# [PROMPT]
Locate the line that contains "this 350×350 image." in the data that follows. Copy it and every subsequent line to the end, exactly, excluding pictures.

########

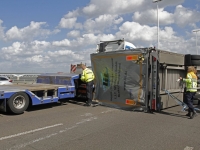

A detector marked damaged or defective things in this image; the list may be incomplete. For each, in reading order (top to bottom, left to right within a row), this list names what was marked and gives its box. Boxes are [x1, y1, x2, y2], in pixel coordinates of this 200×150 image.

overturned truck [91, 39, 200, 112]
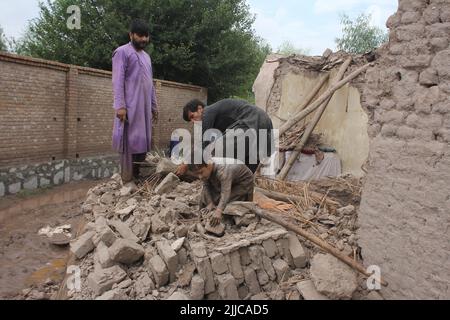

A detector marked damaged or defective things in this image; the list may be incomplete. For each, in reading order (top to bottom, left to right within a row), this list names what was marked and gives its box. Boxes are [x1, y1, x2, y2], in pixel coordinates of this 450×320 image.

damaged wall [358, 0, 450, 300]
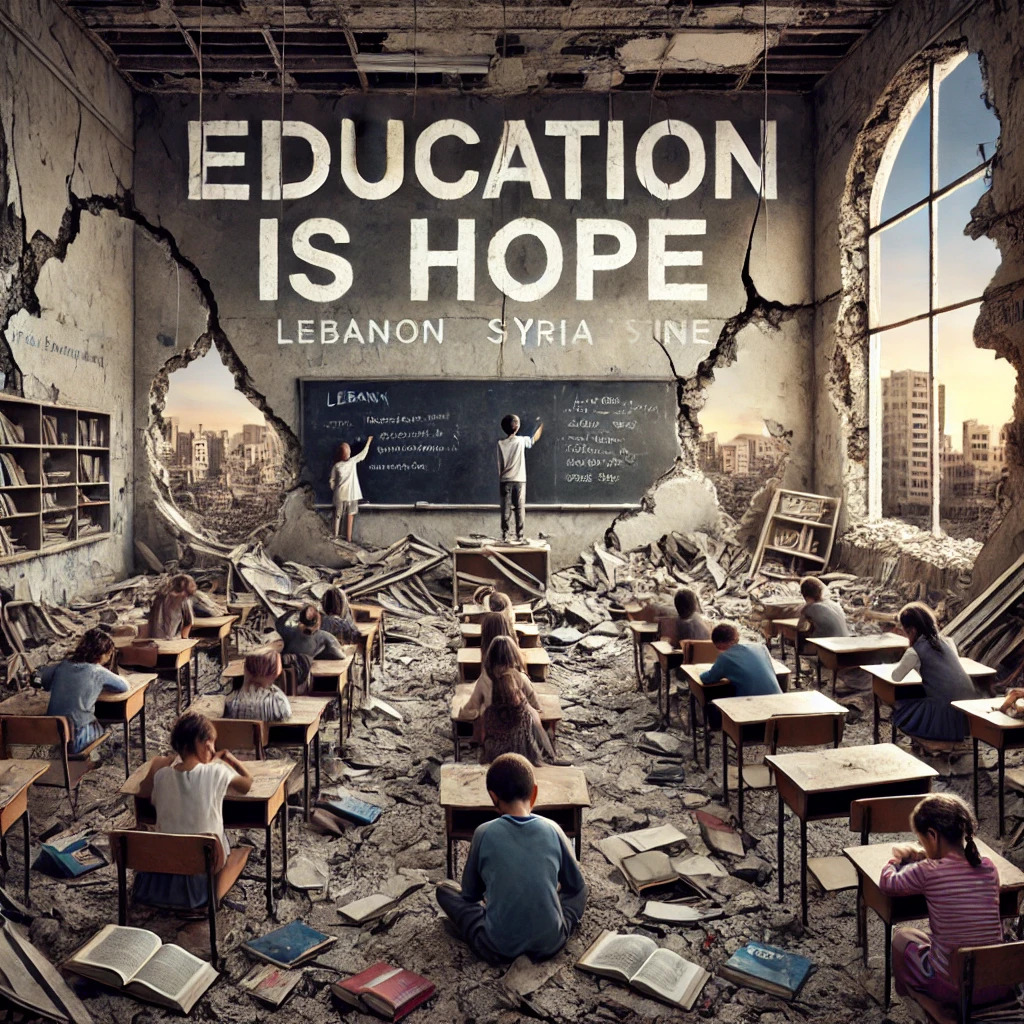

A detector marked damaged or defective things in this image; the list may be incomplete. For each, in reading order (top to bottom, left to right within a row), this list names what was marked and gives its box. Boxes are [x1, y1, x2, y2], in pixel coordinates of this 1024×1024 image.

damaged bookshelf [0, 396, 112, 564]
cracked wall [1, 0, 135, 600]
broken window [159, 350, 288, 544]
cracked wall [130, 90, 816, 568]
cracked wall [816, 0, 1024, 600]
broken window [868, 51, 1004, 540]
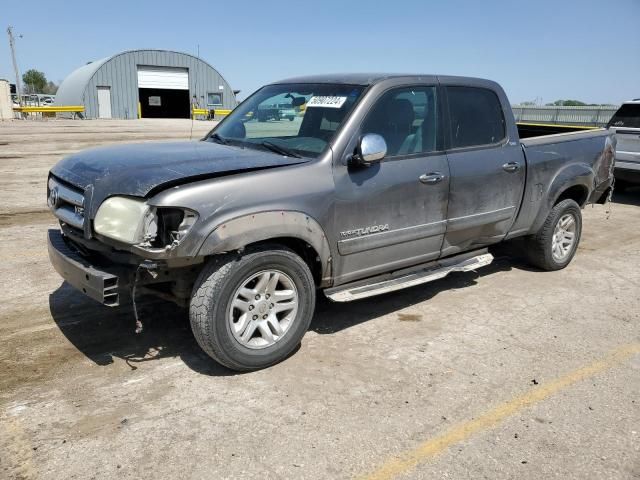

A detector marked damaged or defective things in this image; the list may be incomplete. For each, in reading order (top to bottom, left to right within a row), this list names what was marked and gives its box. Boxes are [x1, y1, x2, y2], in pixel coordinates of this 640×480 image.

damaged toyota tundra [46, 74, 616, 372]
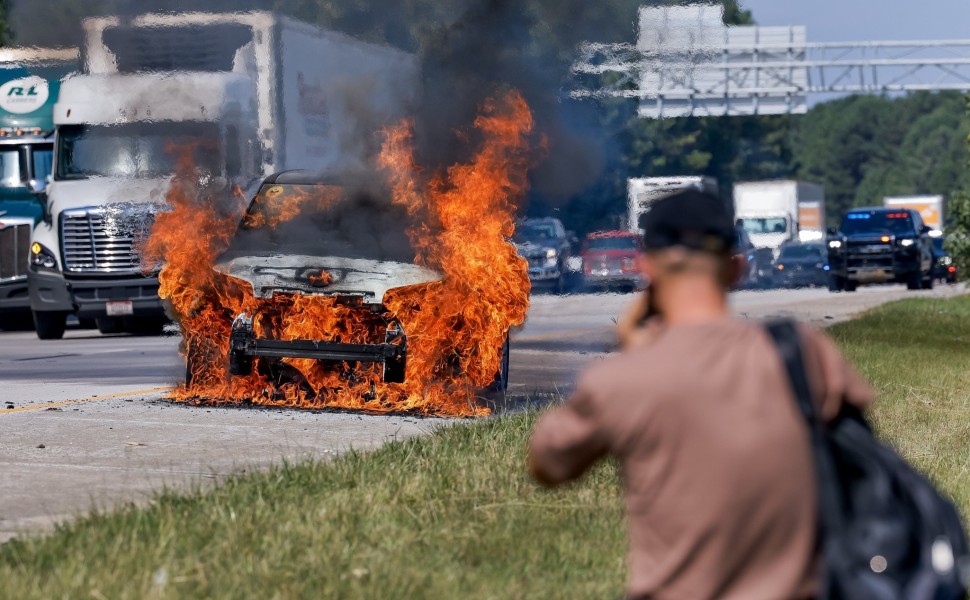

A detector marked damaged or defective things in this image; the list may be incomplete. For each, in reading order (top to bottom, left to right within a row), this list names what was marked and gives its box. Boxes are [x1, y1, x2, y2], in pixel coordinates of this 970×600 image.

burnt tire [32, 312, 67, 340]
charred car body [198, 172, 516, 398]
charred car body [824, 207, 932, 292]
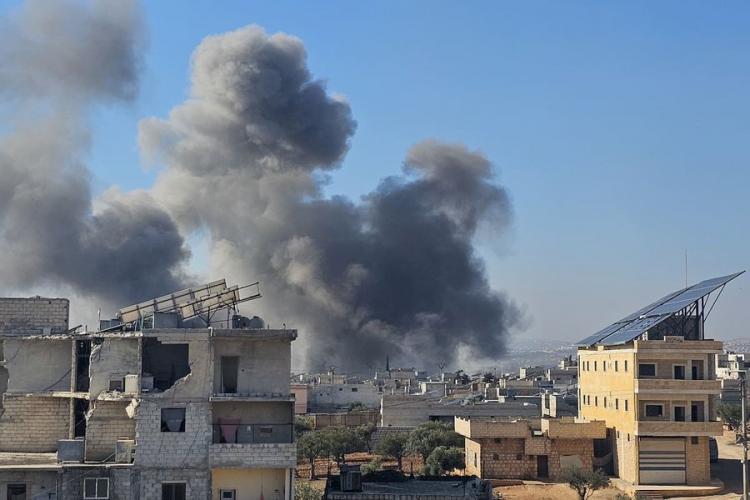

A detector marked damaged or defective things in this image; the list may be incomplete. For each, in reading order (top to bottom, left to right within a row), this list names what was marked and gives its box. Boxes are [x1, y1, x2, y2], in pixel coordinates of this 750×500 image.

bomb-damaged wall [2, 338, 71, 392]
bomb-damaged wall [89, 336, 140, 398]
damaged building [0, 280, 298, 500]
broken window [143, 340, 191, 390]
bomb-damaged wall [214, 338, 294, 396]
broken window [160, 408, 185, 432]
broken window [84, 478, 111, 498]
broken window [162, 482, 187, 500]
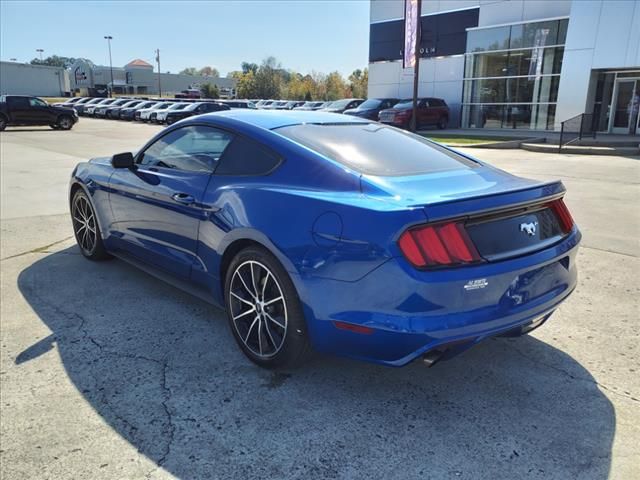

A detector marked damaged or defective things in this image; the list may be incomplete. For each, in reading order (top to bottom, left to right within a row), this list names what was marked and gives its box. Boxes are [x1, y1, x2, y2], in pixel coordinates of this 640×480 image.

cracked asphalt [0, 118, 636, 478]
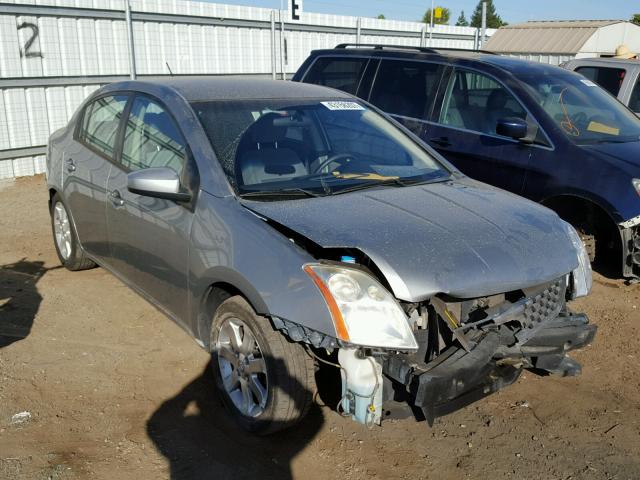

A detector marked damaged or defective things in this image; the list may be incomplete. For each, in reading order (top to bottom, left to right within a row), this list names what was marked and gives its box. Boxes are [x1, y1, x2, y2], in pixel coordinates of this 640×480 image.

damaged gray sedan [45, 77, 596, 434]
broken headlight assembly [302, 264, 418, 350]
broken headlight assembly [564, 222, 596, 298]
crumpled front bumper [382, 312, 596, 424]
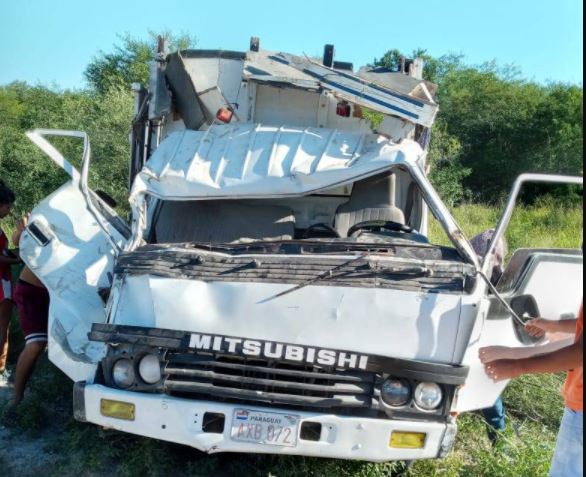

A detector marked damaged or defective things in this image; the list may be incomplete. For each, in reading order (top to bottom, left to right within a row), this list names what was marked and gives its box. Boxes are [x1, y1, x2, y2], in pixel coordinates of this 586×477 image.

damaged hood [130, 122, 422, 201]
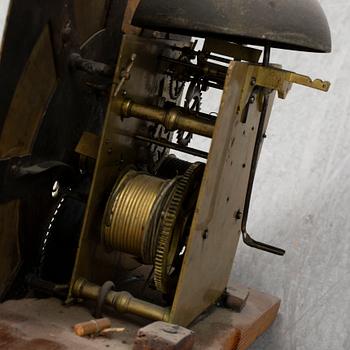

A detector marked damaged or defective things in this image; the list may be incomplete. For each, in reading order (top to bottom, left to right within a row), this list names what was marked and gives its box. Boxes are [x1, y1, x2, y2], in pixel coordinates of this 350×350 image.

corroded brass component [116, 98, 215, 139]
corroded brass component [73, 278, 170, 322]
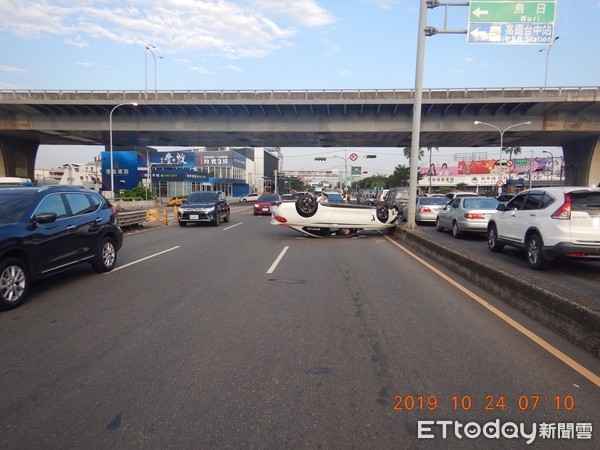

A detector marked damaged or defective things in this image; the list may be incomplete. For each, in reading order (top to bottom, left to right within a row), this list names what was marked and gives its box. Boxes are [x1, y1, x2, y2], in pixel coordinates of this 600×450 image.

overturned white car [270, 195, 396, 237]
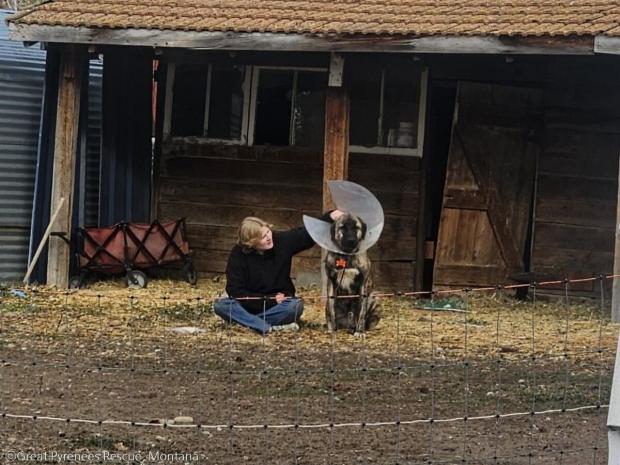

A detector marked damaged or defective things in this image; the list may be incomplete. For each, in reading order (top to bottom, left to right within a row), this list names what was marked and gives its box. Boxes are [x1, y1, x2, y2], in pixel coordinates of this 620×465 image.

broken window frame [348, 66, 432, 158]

########

# [TASK OUTPUT]
A detector marked damaged or defective things in this image; the list may be incomplete. For each, in reading order (top to bottom, left to right within a row), this list names what was marked and gives its box. Boxes are [x1, y1, x2, y2], in pixel coordinates of this 350×350 image.

corroded brass component [116, 98, 215, 139]
corroded brass component [73, 278, 170, 322]

A detector marked damaged or defective things in this image; the list may be incomplete. For each, in reading order (top to bottom, left to right within a row), this list names what was marked and gives its box. Boxes are [x1, y1, x2, y2], in pixel coordinates of this 600×450 image.

overturned white car [270, 195, 396, 237]

A detector marked damaged or defective things in this image; the list may be incomplete. For each, in reading order (top to bottom, left to right within a row), this list names what was marked and gives its box. Boxes are [x1, y1, x2, y2], in pixel coordinates of this 620×465 image.

broken window frame [348, 66, 432, 158]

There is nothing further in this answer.